### SOURCE DATA
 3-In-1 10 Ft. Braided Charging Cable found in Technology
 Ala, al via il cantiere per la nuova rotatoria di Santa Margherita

---

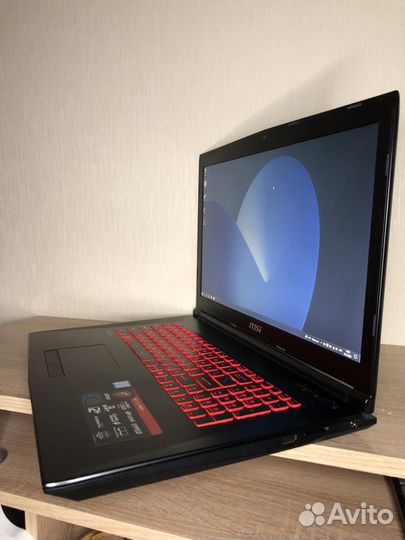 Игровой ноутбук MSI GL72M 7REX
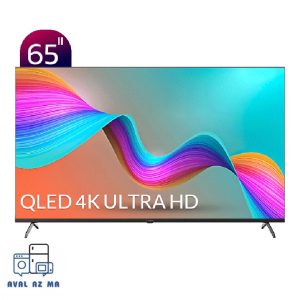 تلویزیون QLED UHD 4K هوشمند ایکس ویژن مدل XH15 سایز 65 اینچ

### TASK BRIEF
The copy should hold exactly the lines above from the one with "Игровой ноутбук MSI GL72M 7REX" through the one with "تلویزیون QLED UHD", both ends counted, and no pictures at all.

### OUTPUT OF THE TASK
 Игровой ноутбук MSI GL72M 7REX
 تلویزیون QLED UHD 4K هوشمند ایکس ویژن مدل XH15 سایز 65 اینچ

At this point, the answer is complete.